About seven months after selling his home in Studio City, comedian and actor Russell Peters is settling into new digs in Hidden Hills. The satirist dropped a substantial $6.45 million for the property, a sprawling 11,638 square foot mansion on an acre-sized lot. The home’s last sale price was $3.5 million, in 2003.
A substantial change of mood from Peters’ previous L.A.-area residence, the home is a stylistically undetermined amalgam of traditional and modern influences. The façade features a prominent porte-cochère supported with stacked stone pillars and a huge pendant fixture; the design sprawls away from the front entrance with a pleasing lack of symmetry.

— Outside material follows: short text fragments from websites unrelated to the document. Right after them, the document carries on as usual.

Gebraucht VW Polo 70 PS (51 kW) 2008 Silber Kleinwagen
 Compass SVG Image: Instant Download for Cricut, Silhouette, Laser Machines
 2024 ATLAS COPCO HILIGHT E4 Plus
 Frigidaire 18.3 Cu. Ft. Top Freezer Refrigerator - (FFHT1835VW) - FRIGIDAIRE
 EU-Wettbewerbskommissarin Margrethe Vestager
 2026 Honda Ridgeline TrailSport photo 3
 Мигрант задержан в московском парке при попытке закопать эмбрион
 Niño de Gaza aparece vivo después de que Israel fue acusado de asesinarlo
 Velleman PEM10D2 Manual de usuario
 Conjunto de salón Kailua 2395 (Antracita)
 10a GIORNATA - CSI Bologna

The interiors of the home begin with a grandiose foyer—the eye is immediately drawn to a double staircase in a concave design that leads to a second-floor gallery, while a ponderous chandelier imposes on the first impression.
Tones are largely a matter of dark-light contrast, and the home never commits itself to warm, cool, or a tension between the two; as a result, it comes across as a touch innocuous. Materials are top-flight, however, with floors in beige tile or wide-plank hardwood. Ornamental ceilings add some visual interest, and a blend of recessed and chandelier lighting balances the restrained and the ornate.
A study in the comprehensive, possible amenities are well covered in the house: a billiards room, a home cinema with plaster walls and torch sconces, a wine cellar, a lounge with a built-in aquarium and coffered ceiling, a fitness room with a sauna, and a large home office are a few of the luxurious secondary rooms in the home. The kitchen is large, bright, and geared toward culinary breadth, and includes a pizza oven.
The grounds include an unusually large expanse of lawn, a freeform pool with ambient lighting and separate spa, a covered patio, a gazebo, an outdoor kitchen with grill station and bar, and a putting green.
Peters’ performances have consistently sold out their venues; he’s one of the highest paid comedians in the world. He has acted or voice-acted in many films, and has a starring role in this year’s cannabis-centric pipe dream, ‘Ripped.’